Hi everyone i just got myself a 54 liter tank so far with 1 betta, no gravel , i have heater and no plants as of yet. I would like to get more colorful fish that work with the Betta or i will take the betta out and put him in my back in the 3 liter tank, or get a devider and leave the betta on one side and have what i want on the otherside.

I was thinking about ghost shrimp, Danio's, corie's, platies, tetras, apistos, barbs , Endlers and German blue rams..

I would like some help on if these are good choices or any good advice ..Thanks


----------



## redchigh (Jan 20, 2010)

Well, of the ones you listed, your best bet is the corys. The only other one that might work are the endlers... 

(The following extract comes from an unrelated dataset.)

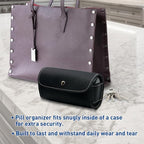 EZY DOSE Weekly (7-Day) AM/PM Pill Case, Medicine Planner, Vitamin Organizer, Pop-Out Compartments, 2 Times a Day, Black Lids, Includes Black Case, BPA Free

Everything else would have the possibility of picking on the betta or becoming food. If you go with the cories, use sand. The cories will sift through it.


----------



## small fry (Oct 14, 2010)

I recommend you take the betta and put it in the 3L tank. They do fine in smaller tanks and they like to live alone.

GBR is not a good idea for beginers (at all). They are very sensitive to fluctuating condtions and prefer relatively high tempretures.

Remember that danios, tetras, cories, and barbs are school fish, which means you need at least six of them (or 5 for the cories).

Apistos are expensive and they will attack any other fish you put in the tank, possibly to death. They are cichlid, and most cichlids don't play nicely.

Hope this helps!


----------



## Mrs Wise (Dec 4, 2010)

Putting the Betta in a 3 liter tank I dont think is a very good advice!!! Yes they can survice in small containers.. but they surly arent happy!!!!!

Coreys I think is the best bet...unlell you put in a devider and add guramies in the other end ;-)


----------



## small fry (Oct 14, 2010)

Make sure that you don't have the betta in the tank when/if you add a gourami! Bettas and Gouramis hate each other, being very closely related.

Bettas are perfectly happy in contains 1g+. They are happier with there own small space then with other fish, they like to live alone. They can breathe air directly from the surface, and in there natrual habitat, the didn't have that much space, either (or at least from what I have read).

i promise you, my betta was WAY happier when I took him out of my 10g with 3 other small fish and put him in his own 1g bowl. The bigger the better, but bettas do fine in 1 gallon of water if you keep up with the WC.


_(edit: I wouldn't recomend putting endlers with bettas. Bettas often kill guppies mistakeing them for other males. Endlers are smaller but I still wouldn't try it IMO)_


----------



## DanMarion (Apr 13, 2010)

I've had Ghost Shrimp and African Dwarf Frogs in with a male Betta before, and everyone got along famously.


----------



## small fry (Oct 14, 2010)

African Dwarf frogs and Bettas? You have never had problems? What size tank do you have? I might have to get me a ADF (BTW I just learned while I was typing what the common abr. ADF stands for)!


----------



## DanMarion (Apr 13, 2010)

I never had a problem. I had a male Betta, 5 ADF, and 10 or so Ghost Shrimp in a 10 Gallon. Keep in mind though, that the unique personality of the Betta will be the determining factor. Some of them are more tolerant of tankmates than others. I have found that the less the tankmate looks like a fish, the better your chances are.


----------



## Byron (Mar 7, 2009)

Agree, the individual Betta personality is quite variable from fish to fish. I always think it best to take the safest course of action, and a Betta is deserving of its own environment. Putting any fish (aside perhaps from substrate fish) in with a Betta can cause trouble, stress for the Betta or the other fish or both.

I agree that a 3 litre container [note smallfry, it was litre, not gallon as I suspect you were thinking] is inadequate. A small 2 gallon tank isn't very expensive, and this would serve the Betta nicely.

Dividing the other tank means creating less space for whatever else you put in the tank, which is a dis=service. Best to remove the Betta if other fish are added. And you have a lot of options in small fish that would be lovely and colourful in a planted aquarium.

Byron.


----------